Start of Block

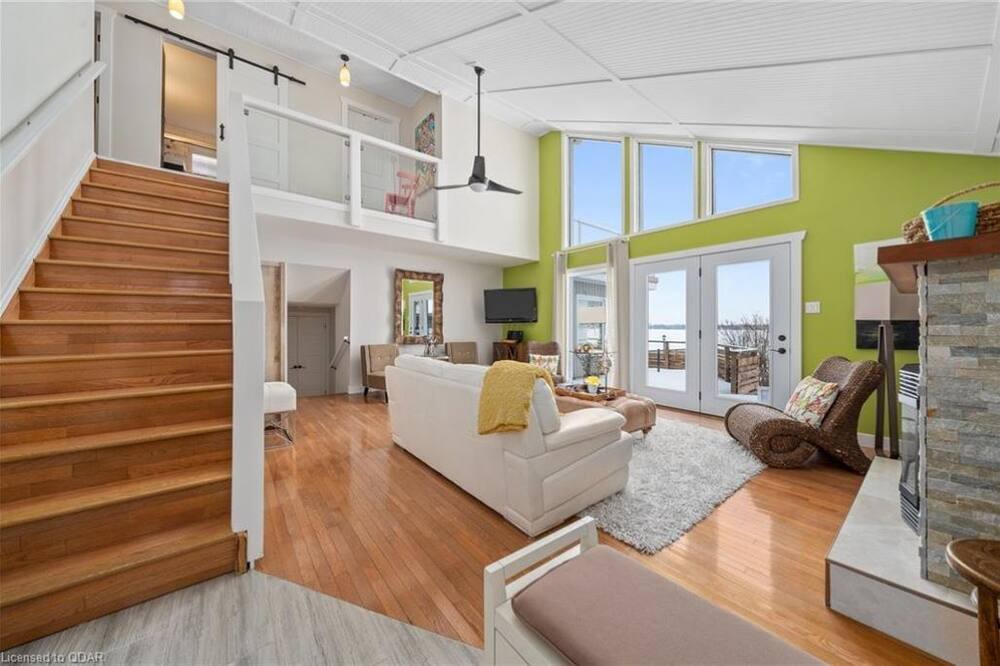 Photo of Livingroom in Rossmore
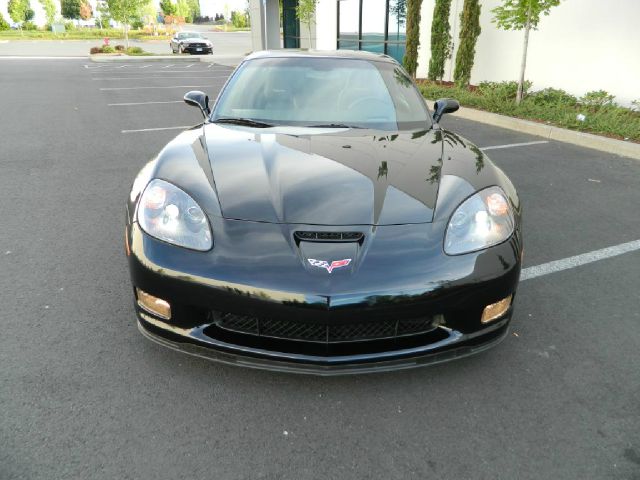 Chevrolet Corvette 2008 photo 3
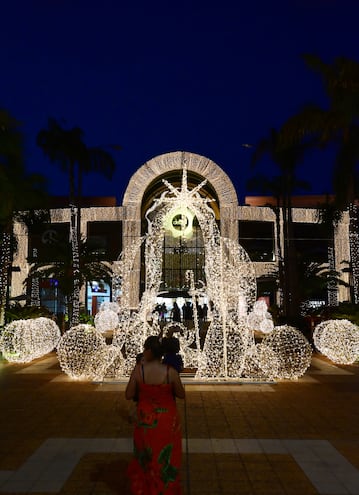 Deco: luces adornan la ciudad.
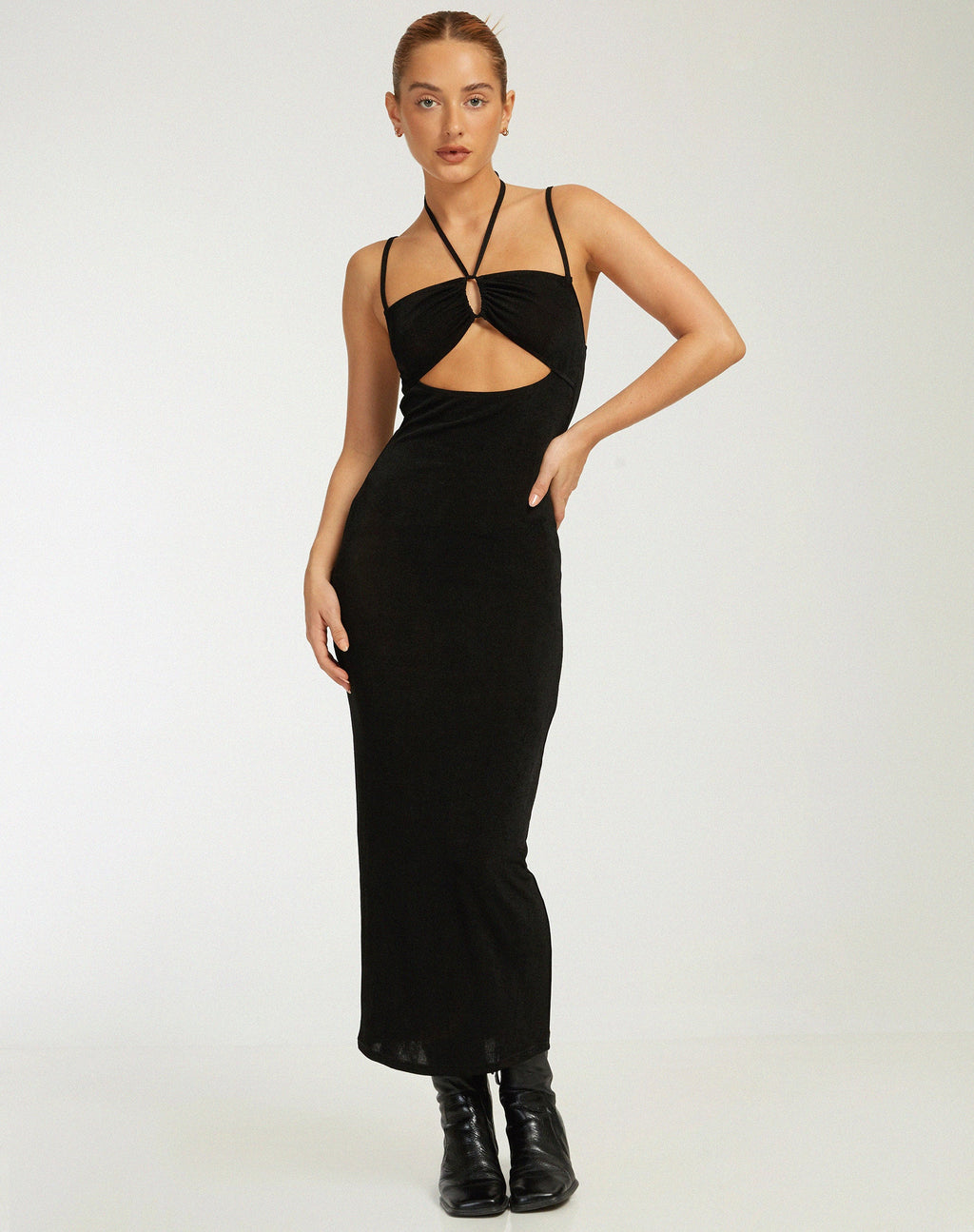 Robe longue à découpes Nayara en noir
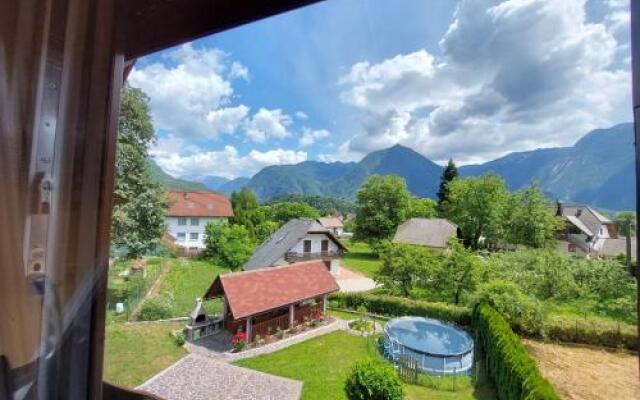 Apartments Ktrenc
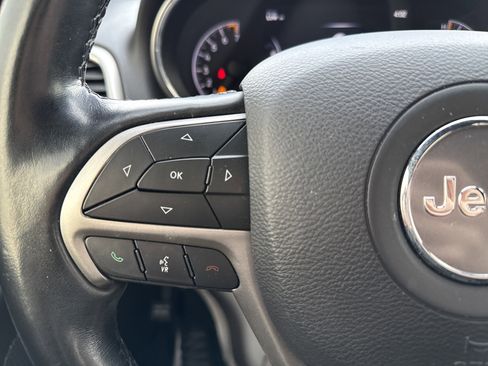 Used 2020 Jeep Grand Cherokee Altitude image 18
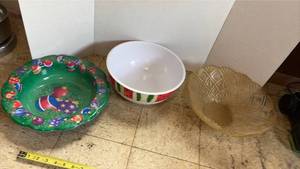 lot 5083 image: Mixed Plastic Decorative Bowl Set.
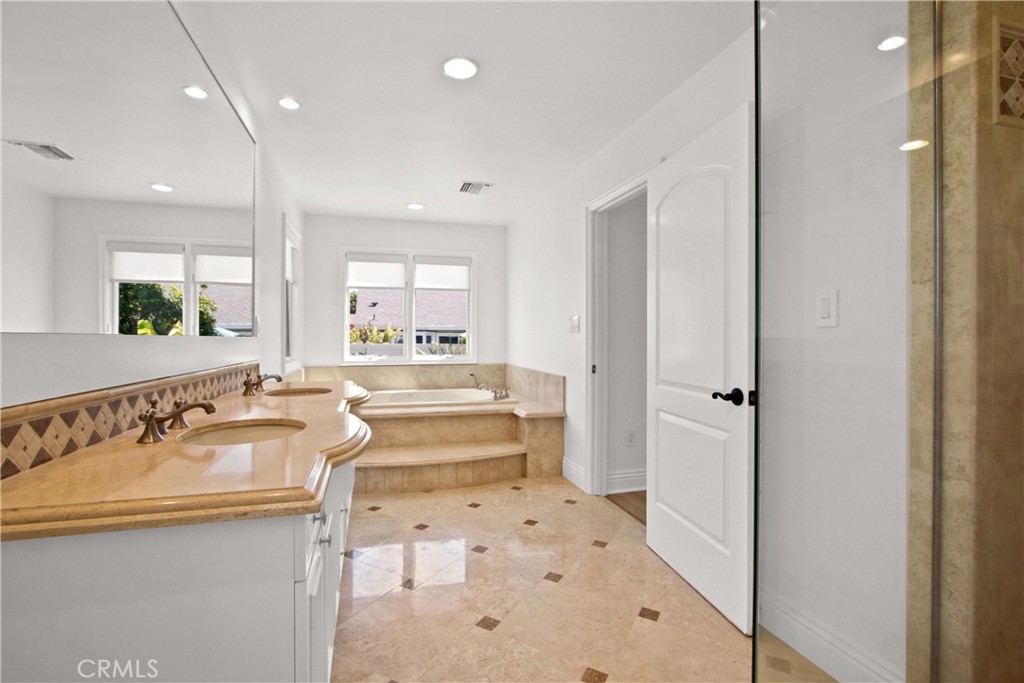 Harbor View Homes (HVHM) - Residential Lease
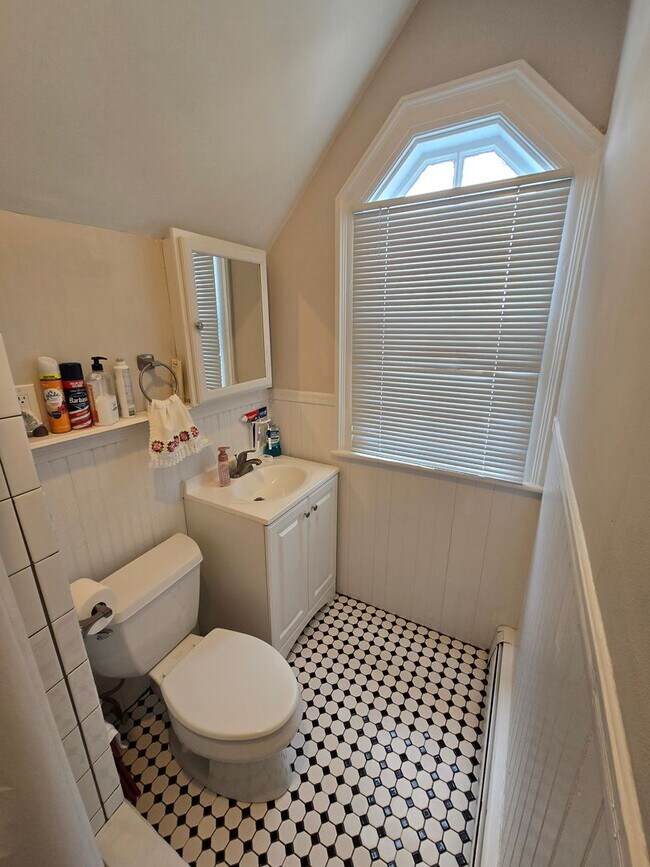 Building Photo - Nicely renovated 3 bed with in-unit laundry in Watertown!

End of Block

▶ _PROBLEM TO WORK ON_
Could you write out exactly the lines from the line containing "Harbor View Homes (HVHM) - Residential Lease" to the end of the material, and nothing else? No pictures belong in the copy.

▶ _RESPONSE TO THE EXERCISE_
 Harbor View Homes (HVHM) - Residential Lease
 Building Photo - Nicely renovated 3 bed with in-unit laundry in Watertown!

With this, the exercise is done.